The study investigates the vaccination capacity of TCI in combination with the checkpoint inhibitor CTLA-4 in matters of primary response, memory formation and tumor protection and characterizes the role of regulatory T cells (Tregs).
After performing TCI with IMI-Sol (containing 5% Imiquimod) and the model epitope SIINFEKL, 6-8 week old C57BL/6 mice received anti-CTLA-4 antibody either s.c or i.p. The CTL responses and frequency of peptide specific CD8 T-cells were then evaluated on day 8. To determine anti-tumor effects, a therapeutic tumor challenge with B16 OVA melanoma was performed.
The combination of s.c. anti-CTLA-4 antibody and TCI leads to an enhanced systemic cytotoxic response, to memory formation and allows significantly improved survival in a tumor setting with B16 OVA melanoma.

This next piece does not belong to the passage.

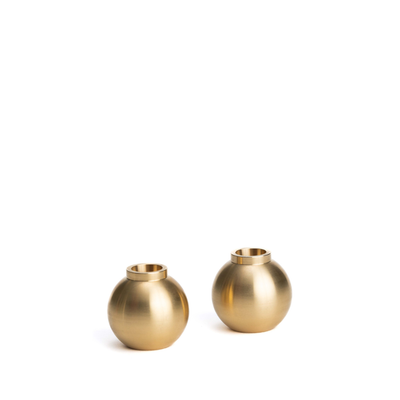 Duo Bougeoir Gemmes MAISON PECHAVY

Towards the mechanism, we show that in this vaccination protocol the CTLA-4 antibody acts mainly Treg-independent.
We demonstrate that the combination of TCI with IMI-Sol and anti-CTLA-4 can confer potent immune responses and tumor-protection. These results might contribute to the development of advanced vaccination approaches targeting tumors or persistent infectious diseases.
Toll 样受体 7 激动剂咪喹莫特(imiquimod)和 T 细胞肽表位(经皮免疫,TCI)的表皮应用介导全身性肽特异性细胞毒性 T 细胞(CTL)反应,并在预防性肿瘤环境中导致肿瘤保护。然而,它在治疗环境中不能形成记忆或永久抵抗肿瘤。作为一种独特的免疫方法,CTLA-4 阻断增强了全身免疫反应,并在临床前实验和临床试验中显示出持久的效果。

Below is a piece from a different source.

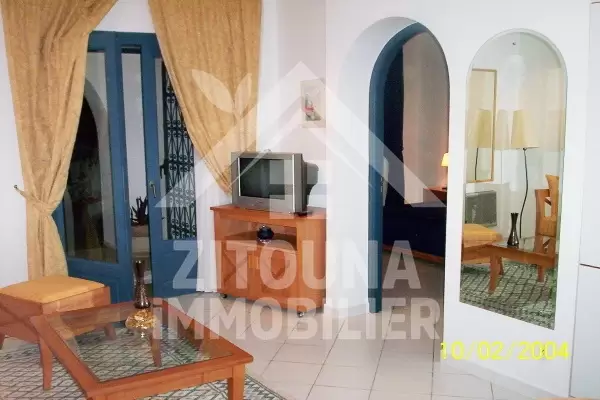 Appartement à louer meublé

本研究探讨 TCI 联合检查点抑制剂 CTLA-4 在初次反应、记忆形成和肿瘤保护方面的疫苗接种能力,并表征调节性 T 细胞(Tregs)的作用。
在使用 IMI-Sol(含 5%咪喹莫特)和模型表位 SIINFEKL 进行 TCI 后,6-8 周龄 C57BL/6 小鼠接受皮下或腹腔注射抗 CTLA-4 抗体。然后在第 8 天评估 CTL 反应和肽特异性 CD8 T 细胞的频率。为了确定抗肿瘤作用,用 B16 OVA 黑色素瘤进行了治疗性肿瘤挑战。
皮下抗 CTLA-4 抗体与 TCI 的联合使用导致全身性细胞毒性反应增强、记忆形成,并在 B16 OVA 黑色素瘤肿瘤环境中显著提高了存活率。对于机制,我们表明在这种疫苗接种方案中,CTLA-4 抗体主要不依赖于 Tregs 发挥作用。
我们证明 TCI 与 IMI-Sol 和抗 CTLA-4 的联合使用可以赋予强大的免疫反应和肿瘤保护。这些结果可能有助于开发针对肿瘤或持续性传染病的先进疫苗接种方法。